What is the difference between a Geek and a Nerd

The word Geek and Nerd are now used interchangeably referring to someone with excess of braininess. But is there any difference in calling someone a Nerd or a Geek? Well not really as you will come to know their etymology is rather the same.

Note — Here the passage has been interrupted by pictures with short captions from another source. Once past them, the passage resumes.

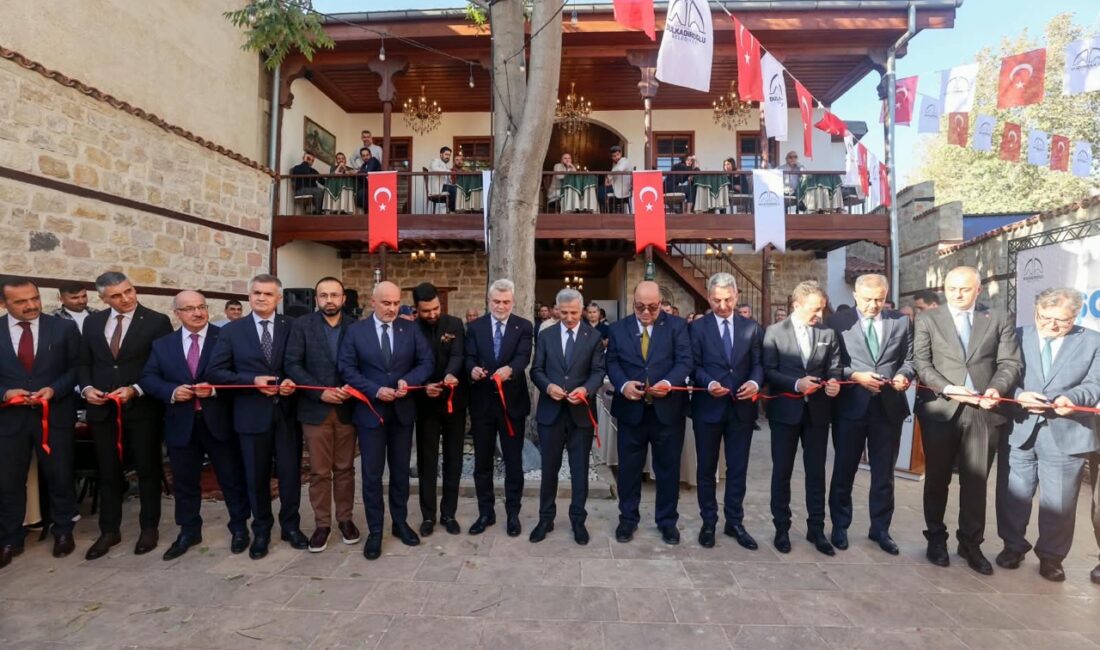 Dulkadiroğlu’nda Kültür ve Sanata Yeni Bir Soluk: Avlu1890 Görkemli Törenle Açıldı Dulkadiroğlu Belediyesi ile Dulkadiroğlu Kültür, Sanat ve Müzik Akademisi tarafından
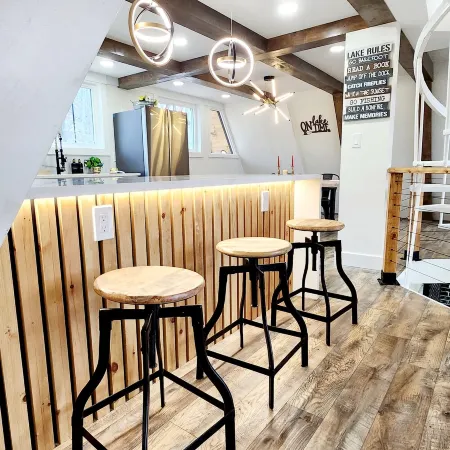 LUXURY A- FRAME CABIN LAKE VIEW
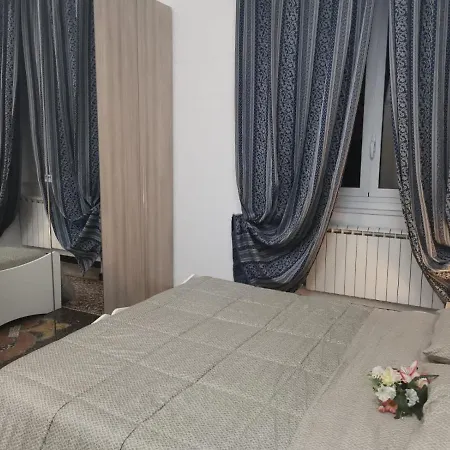 Wow - 175 Mq - Posteggio Privato - Davanti Porto Traghetti - Fino A 10 Posti Letto *
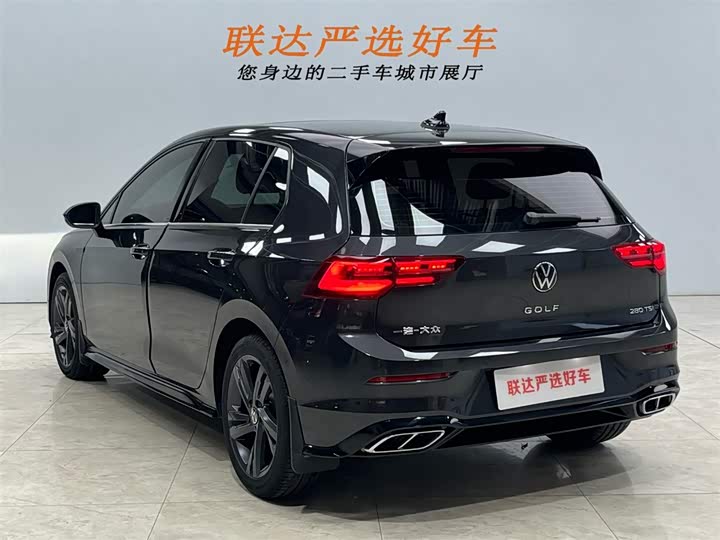 Фото 23 - Volkswagen Golf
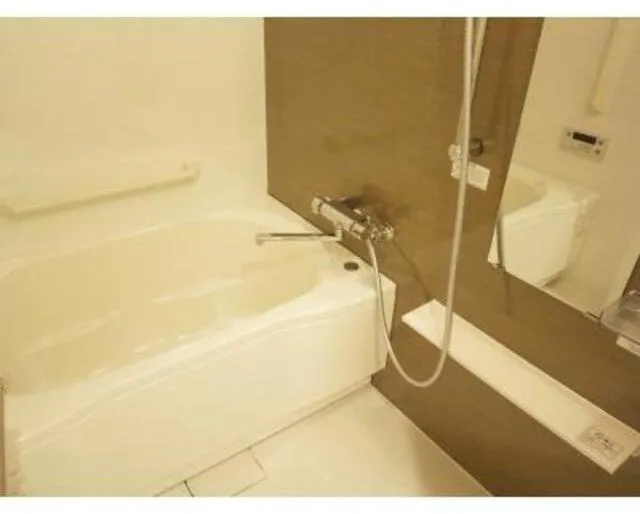 Park Axis Shibaura - Interior - ["Plumbing fixture", "Bathtub", "Bathroom"]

Nerd – 1951, U.S. student slang, probably an alteration of 1940s slang nert “stupid or crazy person,” itself an alteration of nut. The word turns up in a Dr. Seuss book from 1950 (“If I Ran the Zoo”), which may have contributed to its rise. Adjective nerdy is from 1978

Geek – “sideshow freak,” 1916, U.S. carnival and circus slang, perhaps a variant of geck “a fool, dupe, simpleton” (1515), apparently from Low Ger. geck, from an imitative verb found in North Sea Gmc. and Scand. meaning “to croak, cackle,” and also “to mock, cheat.” The modern form and the popular use with ref. to circus sideshow “wild men” is from 1946, in William Lindsay Gresham’s novel “Nightmare Alley” (made into a film in 1947 starring Tyrone Power).

The word Geek comes from Scottish word geck, which means fool. It is said that Shakespeare have used the word in his work as well. We can also say that Shakespeare was a geek himself, wasn’t he?

It is said the word Nerd comes from the word “knurd” which is said to be coined by Polytechnic Institute.